Last fall, after the 4th U.S. Circuit Court of Appeals overturned North Carolina’s discriminatory Amendment One, the state’s leaders threw a series of hissy fits that resulted in several different bills that further discriminate against the LGBT community being filed.

Senate Bill 2— which allows state-employed magistrates to recuse themselves from administering marriage licenses or performing marriages if they cite “a sincerely held religious objection,”—was forced through by the Legislature this spring and immediately vetoed by Gov. Pat McCrory. The Legislature voted to override the veto in June.

On Wednesday morning, six plaintiffs filed a federal lawsuit against the state on the grounds that the bill violates the Establishment Clause of the First Amendment of the U.S. Constitution, and the Equal Protection and Due Process Clauses of the Fourteenth Amendment. Charlotte-based law firm Tin Fulton Walker & Owen will try the case, known as Ansley v. North Carolina.

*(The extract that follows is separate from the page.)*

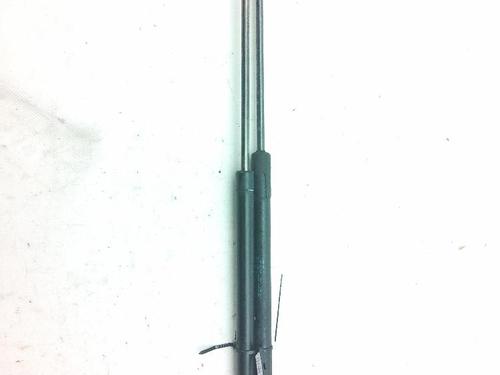 other-audi-a3-8p1-14-tfsi-8p4827552b-2003-2004-2005-2006-2007-2008-2009-2010-2011-2012-2013-20133437 main image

“Senate Bill 2 places personal belief above sworn constitutional duty and unlawfully spends public money to accomplish an expressly religious goal,” said Chris Sgro, the executive director of the state’s largest LGBT advocacy group Equality North Carolina. “This dangerous legislation allows magistrates, who do not believe in marriage equality, to renounce their judicial oath to uphold and evenly apply the United States Constitution.”

Equality North Carolina and the Campaign for Southern Equality will coordinate a public education campaign accompanying the case. The groups will hold a joint press conference with the attorneys in Charlotte at 10 a.m. this morning.